Ils étaient là, présents comme à l’accoutumée. Placés dans la tribune principale du vétuste Stade Fournier d’Arles, les « Suportaïre Arlaten» ont chanté 90 minutes durant, encourageant de la voix les joueurs Acéistes face à l’ES Pennoise, agitant les drapeaux jaune et bleu tout au long d’un match remporté à l’arrachée 1 à 0. En conflit avec la politique des dirigeants de l’AC Arles depuis le départ à Avignon et déçus par le comportement des joueurs professionnels, les « Suportaïre Arlaten » ont préféré suivre l’équipe réserve en 6ème division et retrouver la flamme qu’ils avaient perdu. Plongée dans un groupe de supporters atypique, qui privilégie l’amitié aux compromis, à contre-courant du football actuel.

Une histoire de copains

L’histoire récente de l’AC Arles sort de l’ordinaire. Premier club à être passé de la CFA 2 (nda : la cinquième division) à l’élite en seulement cinq saisons[1], l’ACA 1913 a vécu une croissance express. Dès 2007, des passionnés se réunirent et créèrent les « Suportaïre Arlaten » pour la réception de Niort en 1/16 de finale de la Coupe de France. Présents à tous les matches à domicile, ils furent les témoins privilégiés de l’ascension de leur club en un temps record et du changement de mentalités.

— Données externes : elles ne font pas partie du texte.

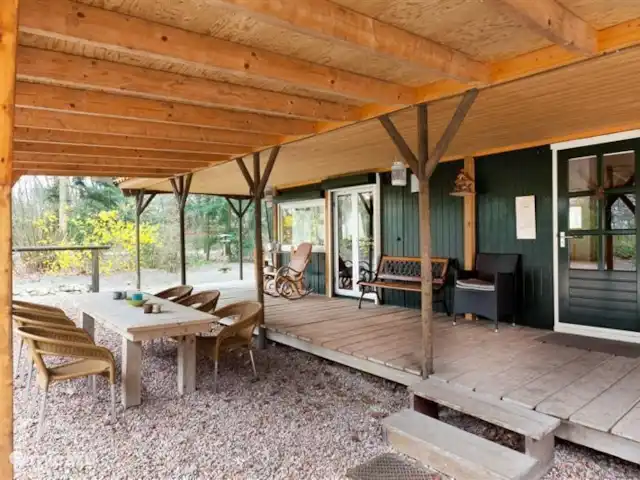 Bij goed en slecht weer is het heerlijk vertoeven op de overdekte veranda.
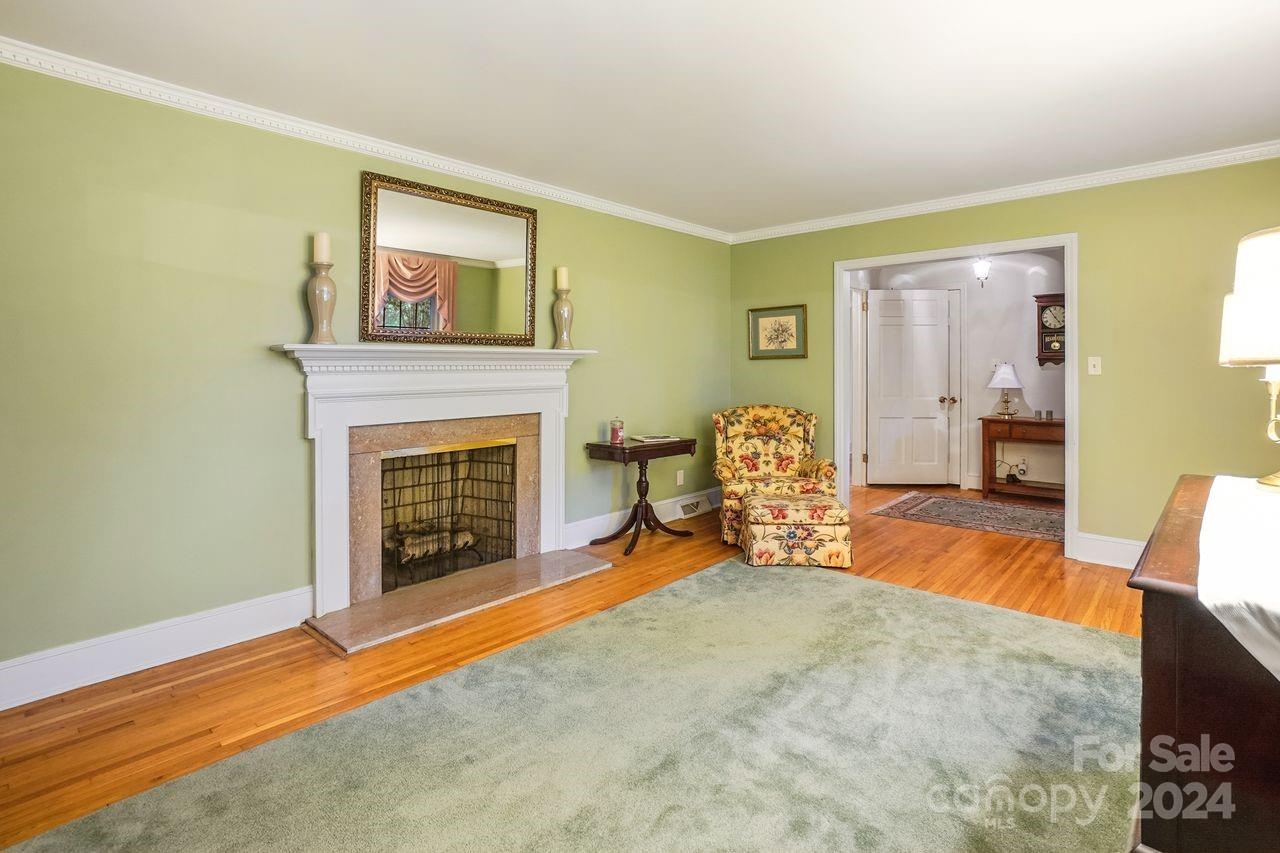 4235 Kingswood Road Charlotte NC 28226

Or, depuis le début de saison, les supporters acéistes suivent les aventures de la réserve de l’AC Arles, dont l’équipe fanion joue en Ligue 2, au Parc des Sports d’Avignon. Sans doute une première en France. Explications. « En fin de saison dernière, nous avons eu des problèmes avec la direction quant aux tarifs sur les abonnements en Ligue 2 qui nous empêchaient de dégager des fonds nécessaires à la pérennité de l’association. De plus, nous étions frustrés, non pas de la descente en Ligue 2, mais de la manière avec laquelle les joueurs n’avaient pas respecté le maillot et les valeurs qui avaient fait la force du club. Nous savions que, pour une équipe avec un si petit budget (18 millions d’euro, vingtième budget de Ligue 1), le maintien serait quasi-impossible. Mais jouer de la sorte, avec si peu d’implication, c’était une insulte pour nous, les amoureux de l’ACA 1913[2] explique Alain Baudouy, président du groupe. L’état d’esprit, le respect des valeurs, des leitmotivs prépondérant dans une ville à la forte identité ouvrière qui vote majoritairement communiste lors des élections locales (nda : le maire Hervé Schiavetti a été élu dès le premier tour aux dernières élections municipales). « Nous ne nous reconnaissions plus dans cette équipe et nous avons donc choisi de suivre l’équipe réserve en Division d’Honneur (nda : la Sixième division), composée essentiellement d’Arlésiens» poursuit-il.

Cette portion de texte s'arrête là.